##### DATASET ENTRIES #####

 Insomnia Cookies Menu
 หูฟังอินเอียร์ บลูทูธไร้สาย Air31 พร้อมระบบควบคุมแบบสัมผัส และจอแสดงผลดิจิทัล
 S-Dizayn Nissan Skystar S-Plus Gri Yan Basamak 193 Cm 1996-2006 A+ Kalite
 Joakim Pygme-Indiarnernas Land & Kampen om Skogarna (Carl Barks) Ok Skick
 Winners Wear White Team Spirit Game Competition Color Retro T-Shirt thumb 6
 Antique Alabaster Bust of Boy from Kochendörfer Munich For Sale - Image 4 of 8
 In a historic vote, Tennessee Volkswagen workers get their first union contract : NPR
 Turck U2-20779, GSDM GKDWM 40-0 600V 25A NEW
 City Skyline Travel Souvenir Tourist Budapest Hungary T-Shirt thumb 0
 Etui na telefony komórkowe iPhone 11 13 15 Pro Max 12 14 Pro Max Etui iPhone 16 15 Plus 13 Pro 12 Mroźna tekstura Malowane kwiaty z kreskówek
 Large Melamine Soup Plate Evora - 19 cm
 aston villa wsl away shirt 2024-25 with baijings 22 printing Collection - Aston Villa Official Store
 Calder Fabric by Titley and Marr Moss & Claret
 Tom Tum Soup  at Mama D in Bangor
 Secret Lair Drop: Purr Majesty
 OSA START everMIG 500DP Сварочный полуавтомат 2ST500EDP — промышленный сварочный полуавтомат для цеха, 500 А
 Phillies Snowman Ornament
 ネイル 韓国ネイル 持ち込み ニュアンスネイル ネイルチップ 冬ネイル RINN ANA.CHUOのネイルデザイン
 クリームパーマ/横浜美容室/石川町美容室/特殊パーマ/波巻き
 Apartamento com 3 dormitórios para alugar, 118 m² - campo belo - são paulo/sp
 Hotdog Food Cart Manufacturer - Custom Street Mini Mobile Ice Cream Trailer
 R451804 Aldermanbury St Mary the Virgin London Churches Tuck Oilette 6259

#####

TASK ITEM: Reproduce the records above exactly, starting with the line that contains "Antique Alabaster Bust" and ending with the last line.

SOLVED EXERCISE:
 Antique Alabaster Bust of Boy from Kochendörfer Munich For Sale - Image 4 of 8
 In a historic vote, Tennessee Volkswagen workers get their first union contract : NPR
 Turck U2-20779, GSDM GKDWM 40-0 600V 25A NEW
 City Skyline Travel Souvenir Tourist Budapest Hungary T-Shirt thumb 0
 Etui na telefony komórkowe iPhone 11 13 15 Pro Max 12 14 Pro Max Etui iPhone 16 15 Plus 13 Pro 12 Mroźna tekstura Malowane kwiaty z kreskówek
 Large Melamine Soup Plate Evora - 19 cm
 aston villa wsl away shirt 2024-25 with baijings 22 printing Collection - Aston Villa Official Store
 Calder Fabric by Titley and Marr Moss & Claret
 Tom Tum Soup  at Mama D in Bangor
 Secret Lair Drop: Purr Majesty
 OSA START everMIG 500DP Сварочный полуавтомат 2ST500EDP — промышленный сварочный полуавтомат для цеха, 500 А
 Phillies Snowman Ornament
 ネイル 韓国ネイル 持ち込み ニュアンスネイル ネイルチップ 冬ネイル RINN ANA.CHUOのネイルデザイン
 クリームパーマ/横浜美容室/石川町美容室/特殊パーマ/波巻き
 Apartamento com 3 dormitórios para alugar, 118 m² - campo belo - são paulo/sp
 Hotdog Food Cart Manufacturer - Custom Street Mini Mobile Ice Cream Trailer
 R451804 Aldermanbury St Mary the Virgin London Churches Tuck Oilette 6259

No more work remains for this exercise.